TD編集部・藤生(ふじゅう)による、若手クリエイターの仕事場訪問企画第二回。今回はグラフィックデザイナーの木村稔将(きむら・としまさ)氏へのインタビューをお届けする。2006年にオランダのヴェルクプラーツ・ティポグラフィを修了後、秋山伸氏が率いるデザイン会社「schtucco」に参加、2010年からはフリーランスとしてアーティストや美術館などと積極的なコラボレーションを展開している。コンセプチュアルで構造的、しかしどこか親しみやすさも覚える彼のデザインはいかにして形成されたのか、その原点に迫ってみた。

独特な空気が流れていたオランダの美大・ヴェルクプラーツ

木村さんは2006年にオランダの美大を修了しています。なぜオランダだったのでしょう?

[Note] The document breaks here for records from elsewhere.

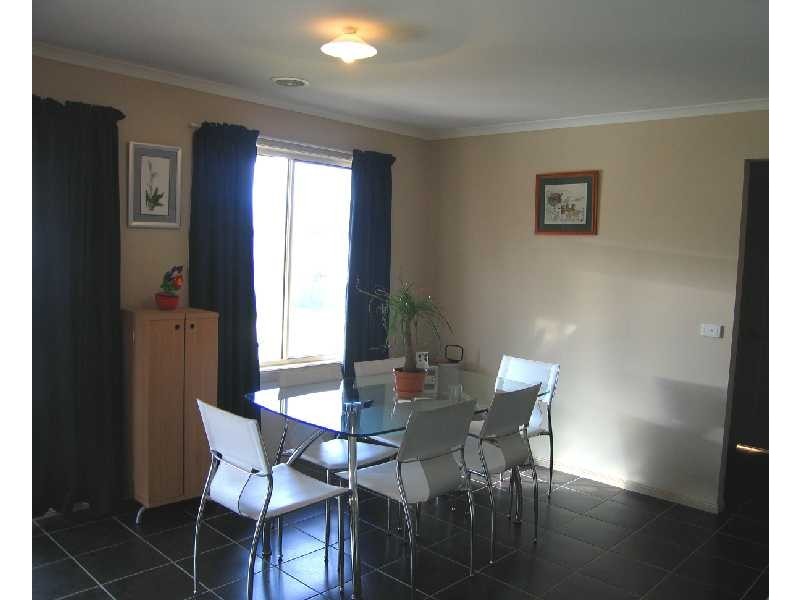 24 Higgs Circuit, Sunbury VIC 3429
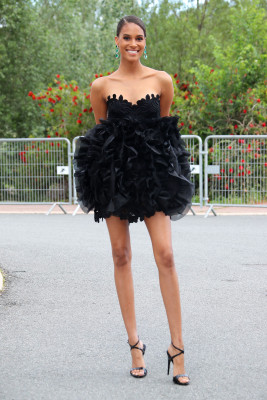 Cindy Bruna pic #1082161
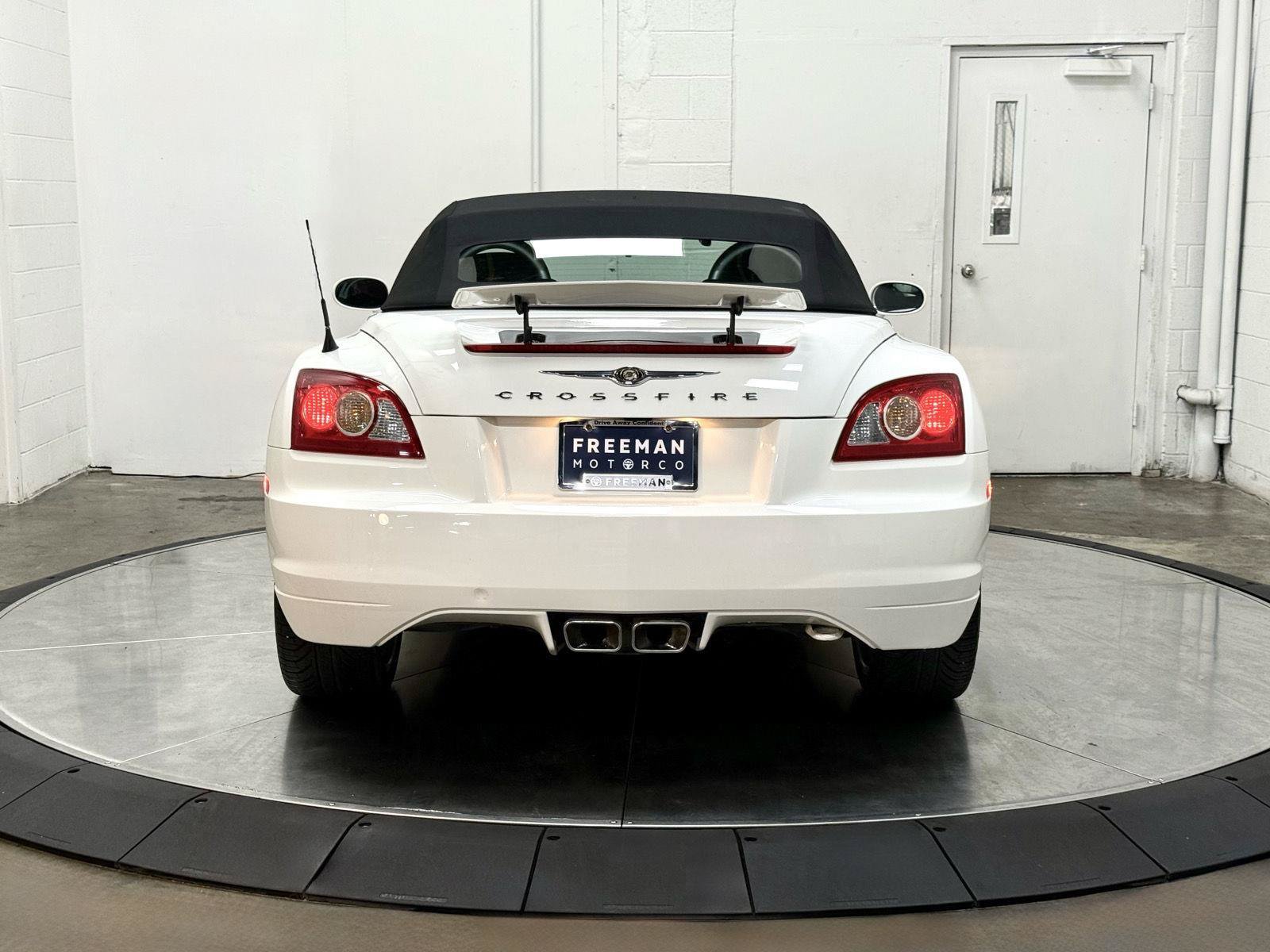 Used 2005 Chrysler Crossfire Limited RWD image 7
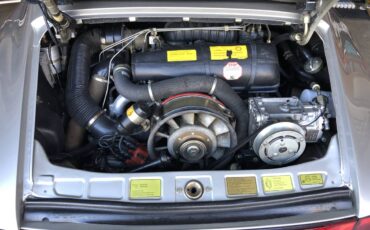 Porsche-911-sc-1983-grey-7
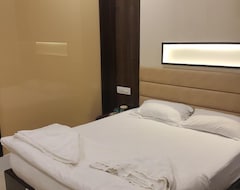 Hotel The Shelter  And Resorts (Thane, Indija)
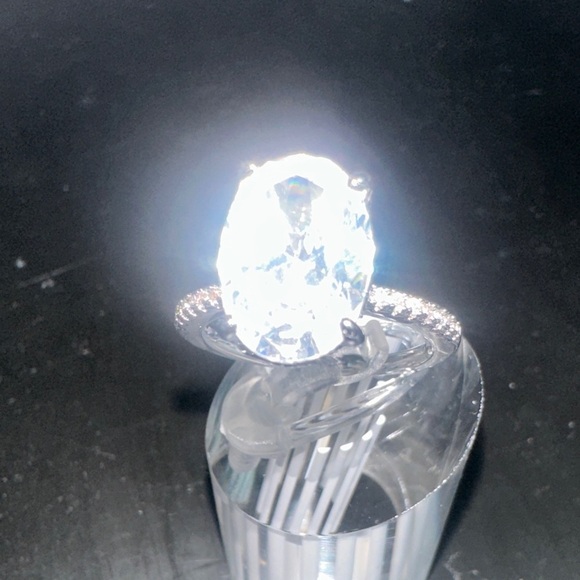 Fashion Jewelry Silver Ring Size 6 - Picture 4 of 9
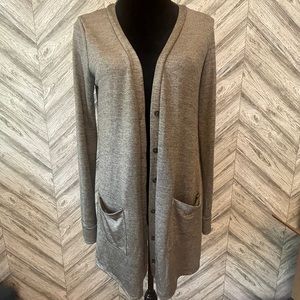 AGNES & DORA Slinky Silver Favorite Cardigan, size Small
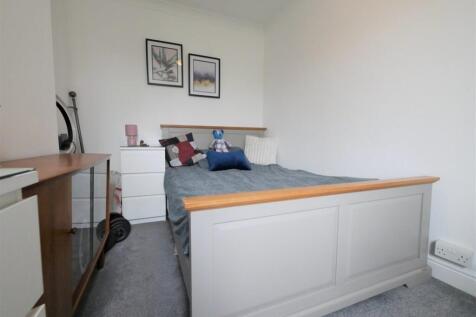 BEDROOM2 1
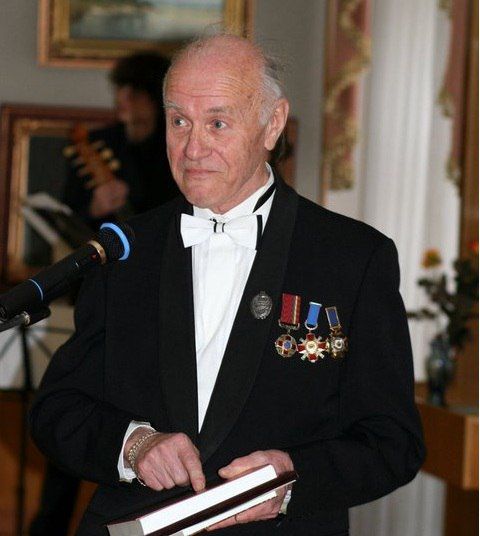 Александр Подгорный: #Макеевке_335. Знаменитый макеевский художник-Гарри Вильгельмович Руфф Имя художника Гарри Руффа уже давно является визитной карточкой Макеевки Александр Подгорный: #Макеевке_335. Знаменитый макеевский художник-Гарри Вильгельмович Руфф Имя художника Гарри Руффа уже давно является визитной карточкой Макеевки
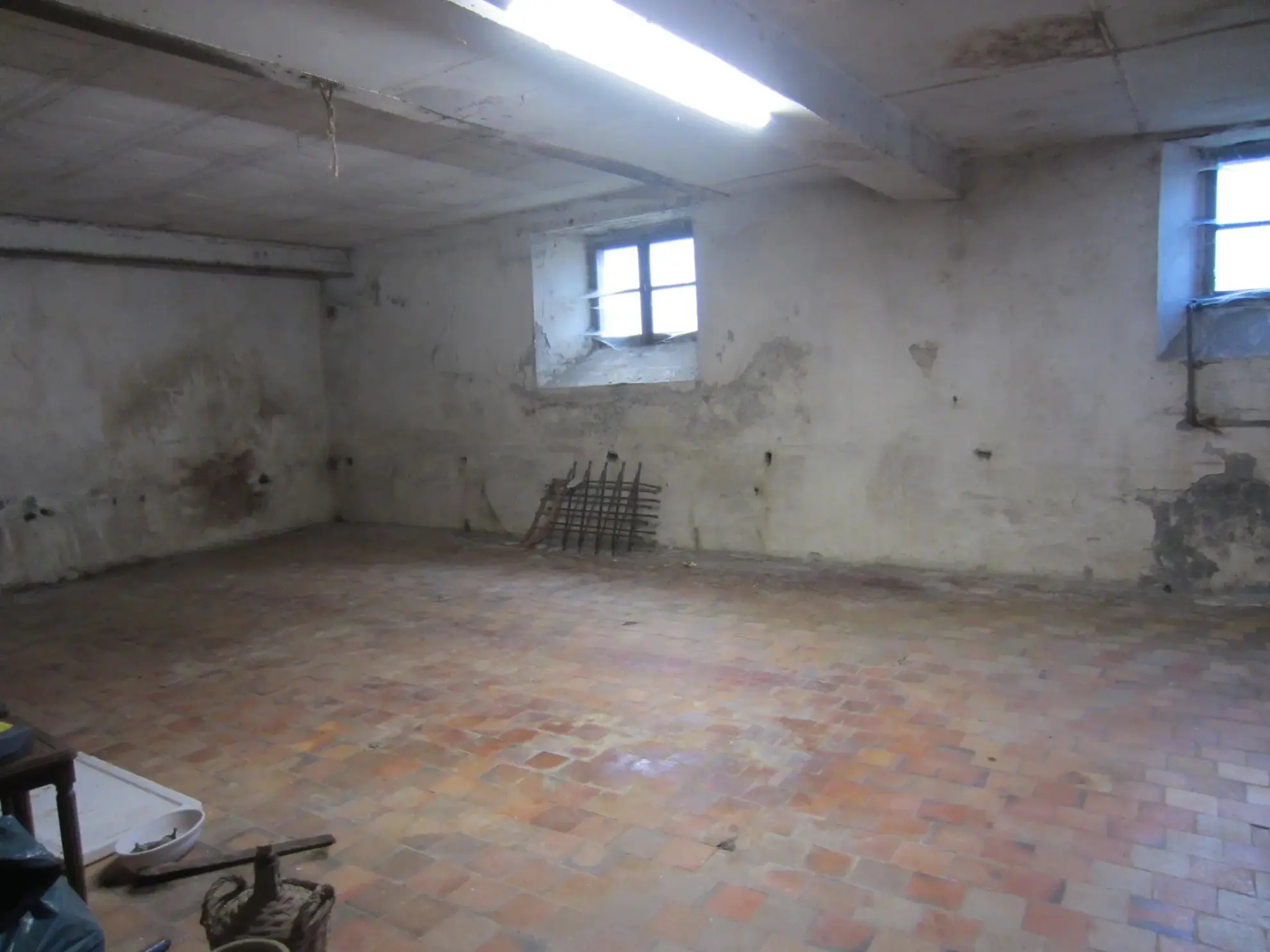 Grande maison de village avec annexes à Audressein proche Castillon 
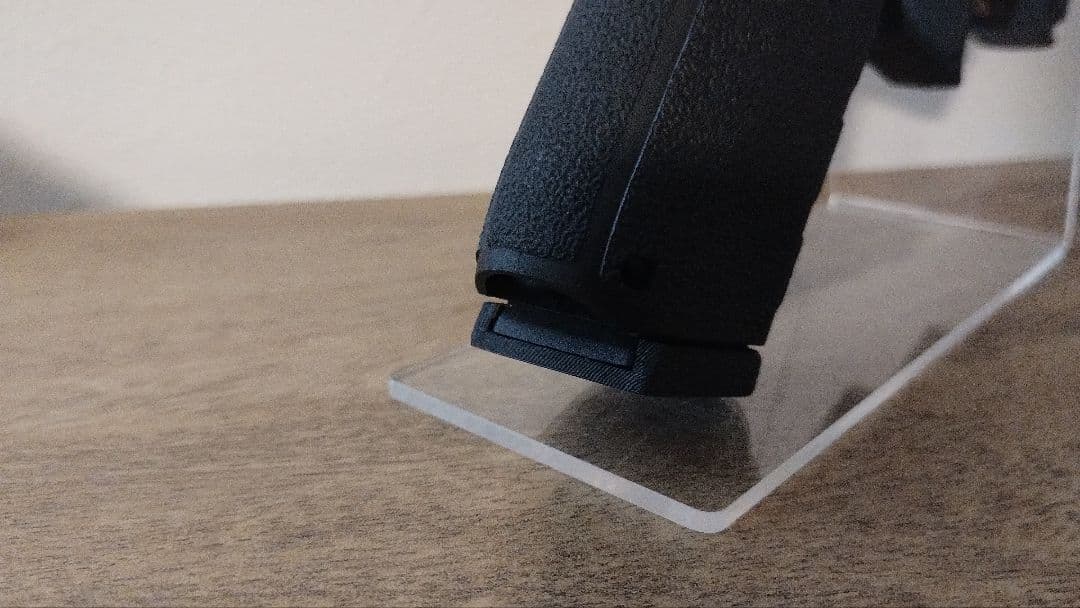 ストライカー 9 ガスブローバック カーボネイト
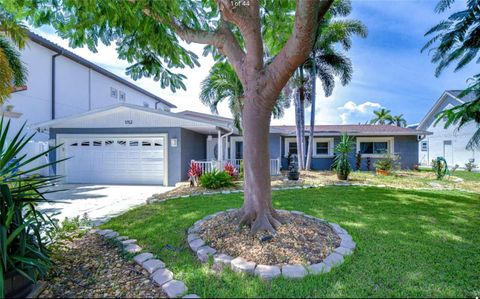 3912 FONTAINEBLEAU DRIVE TAMPA FL 33634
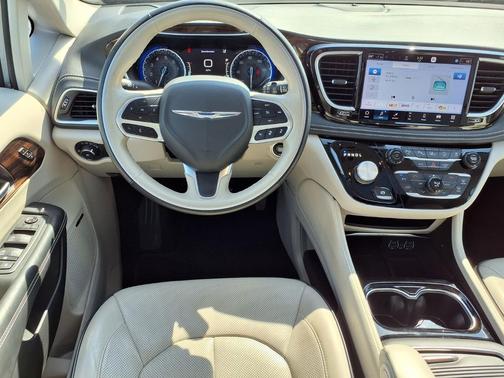 Silver 2021 Chrysler Pacifica Limited
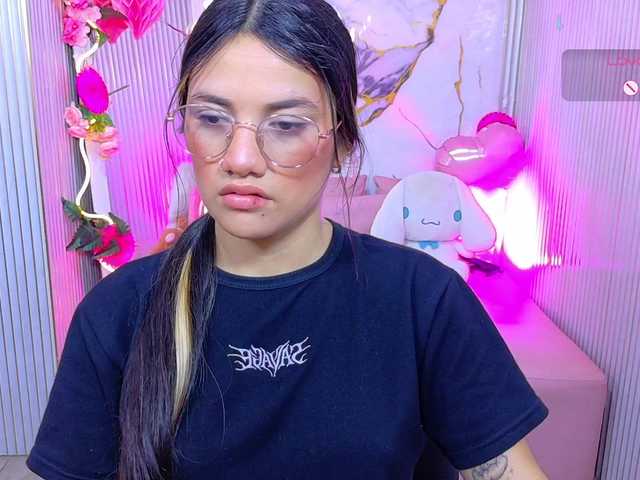 Chiara-tay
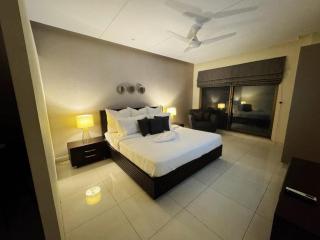 Modern 1BHK-Indigo apartments-Centrally located-Gulberg-Self Check-in - Lahore - 6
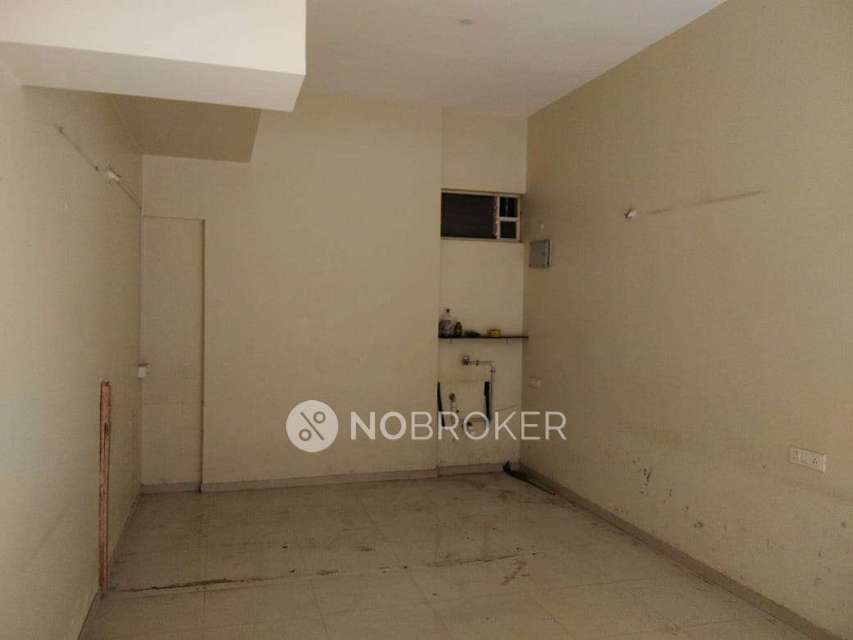 Shop in Sadhsiv Peth, Pune for Rent 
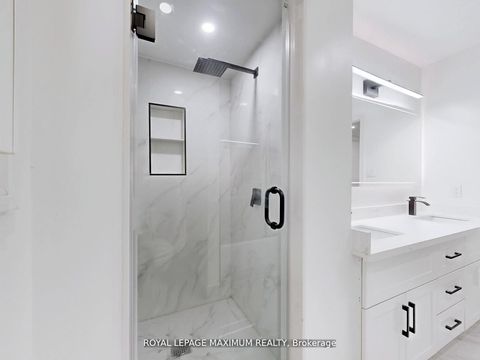 Photo 38 at 22 A Waltham Crescent, Doncrest, Richmond Hill Photo 38 at 22 A Waltham Crescent, Doncrest, Richmond Hill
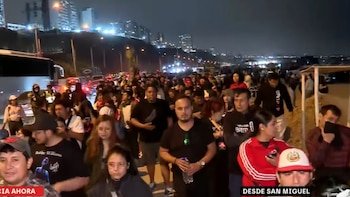 Seguidores de Robbie Williams permanecieron durante horas en los exteriores de Arena 1 Park tras la cancelación del concierto. Latina Noticias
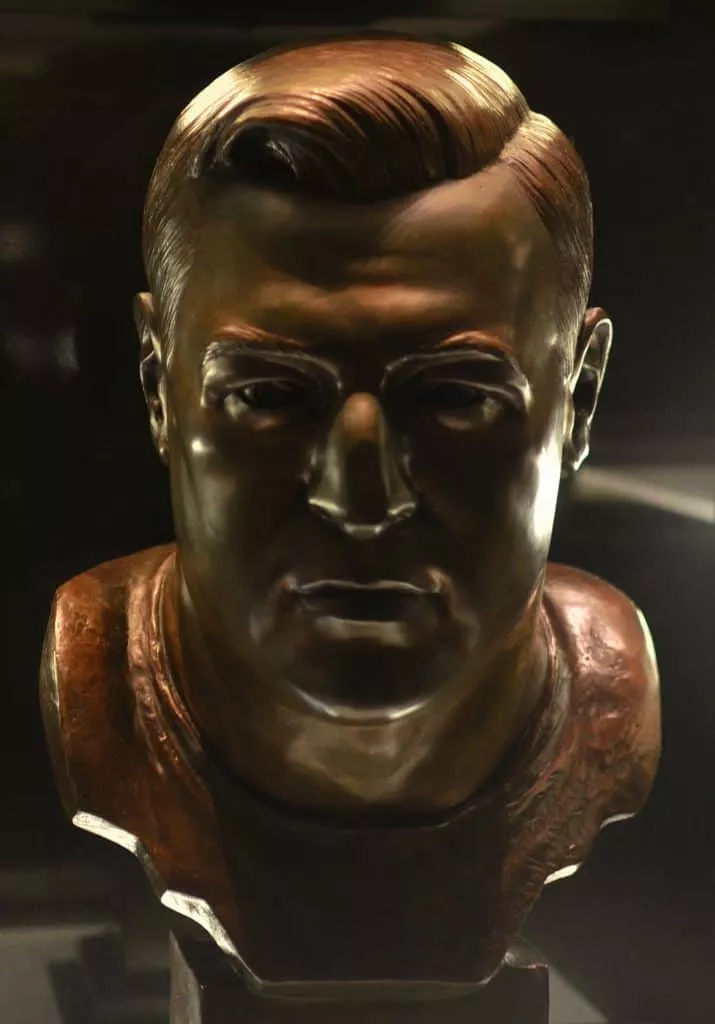 The Life And Career Of Browns OT Mike McCormack (Complete Story)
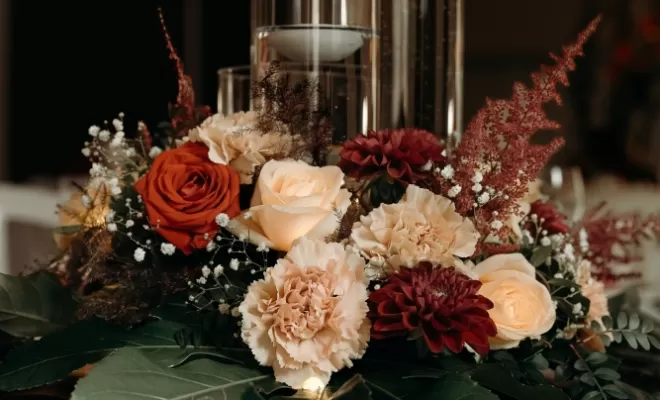 Réalisation d'un Mariage rouge bordeaux et pèche , Audenge, Fleur à Fleur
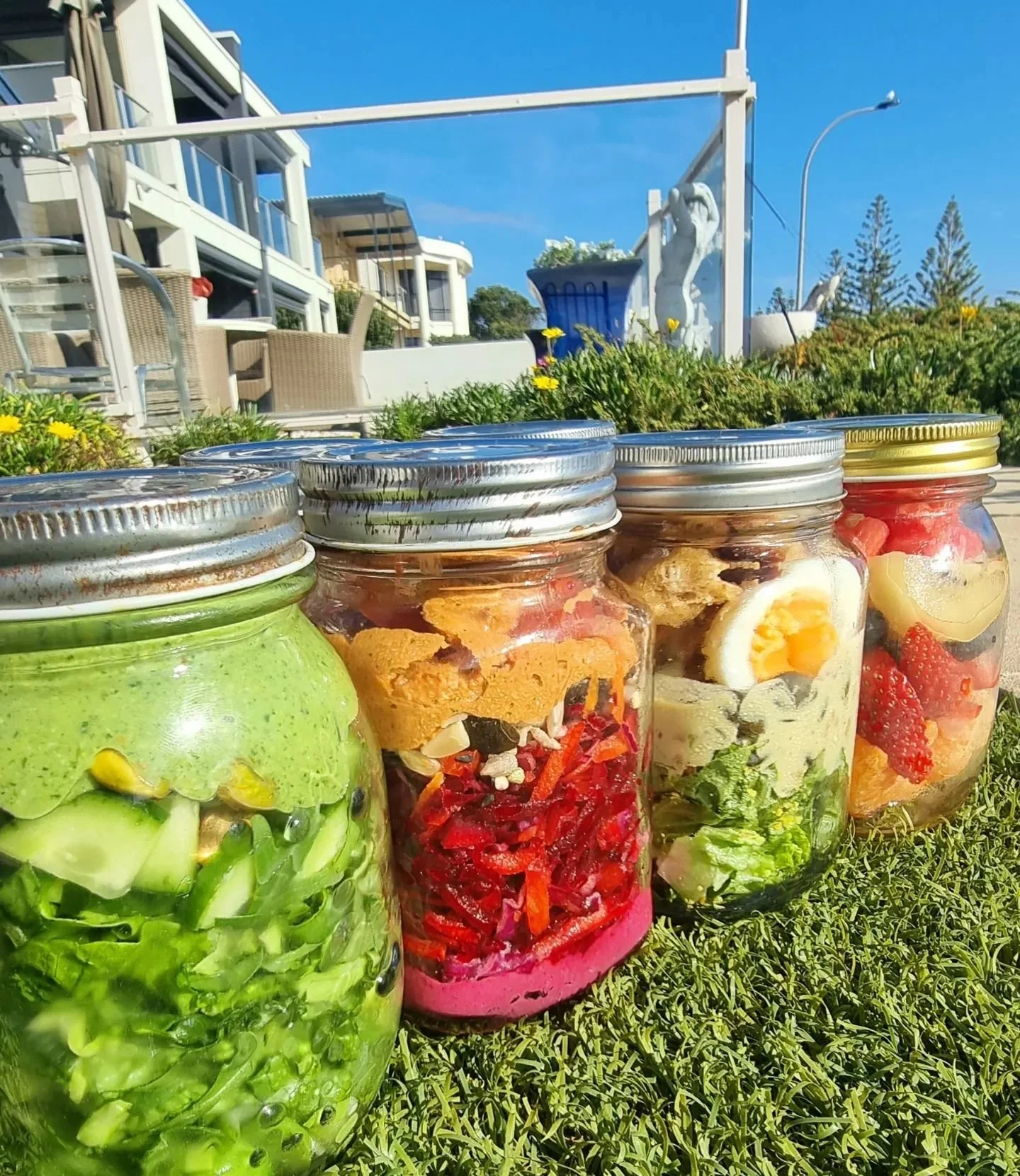 Food prep for the week done ✔️ Multiple salads with delicious creamy dressings, perfect add-on to any meal 😋 #foodprep #saladideas #saladinajar #vegansaladdressing #eatforhealth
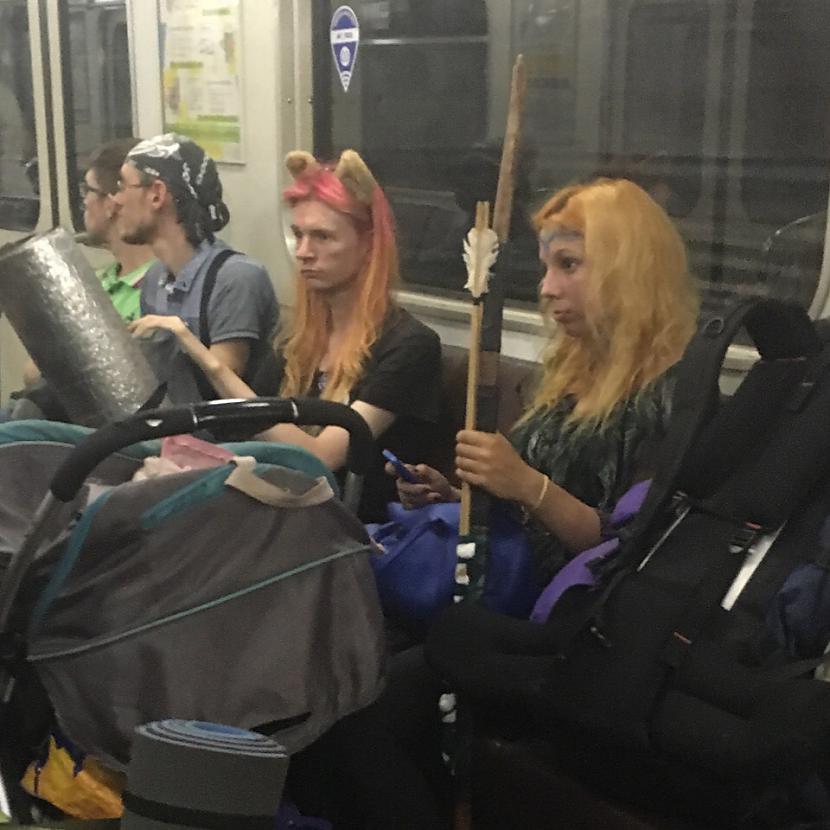  Autors: Fosilija Ja gribi redzēt modīgas personas, apmeklē Krievijas metro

そのころのオランダのデザイン界では、デザイナーのカレル・マルテンスメーフィス&ファン・ドゥールセンが活躍していたり、ヨップ・ファン・ベネコムの主宰するデザイン誌『Re-Magazine』があったりと、自分が興味を持ったデザイン実践が数多く行われていたんです。

日本の大学を卒業した当時はちょうどDTPが始まったころ。それからデザインを本格的に学びたいと考え、ロンドンを経由して2004年から2006年までオランダのアーネムにあるヴェルクプラーツ・ティポグラフィでデザインを勉強しました。
いわゆる日本の美大とは違う、全体的にかなり独特な雰囲気がありました。例えば校舎が昔のラジオ局に使われていた建物だったり。
ヴェルクプラーツ・ティポグラフィは、元々はカレル・マルテンスが中心になってつくられた美大の修士課程のプログラムです。
講師陣にはマルテンスのほかに、アーマント・メーフィス、マキシーン・コプサ、ポール・エリマンらがいました。いわゆる学校的な授業というよりは、生徒による自主的なプロジェクトに重点が置かれていたり、外部からの実践的なアサインメントを請け負っており、学生ひとりひとりでやっていることがほぼ違うという環境でしたね。
例えば、ヴェルクプラーツと同系列のダッチ・アート・インスティチュートに通うアーティストと一緒に作品集を作ったりしました。具体的には与えられた予算に応じて仕様書をつくり、実際にデザインをして、印刷所とやり取りをして作品集を納品するという流れです。 記憶が曖昧ですが、たしか予算は1,000ユーロくらいで、部数は500 部くらいだったかな。アーティストとマンツーマンでがっつり作り込みました。
ヴェルクプラーツ・ティポグラフィ
Webサイト

他には「ヴェルクプラーツの学校案内の制作」というアサインメントを受けて『PLAY PLAY PLAY』という冊子も作りました。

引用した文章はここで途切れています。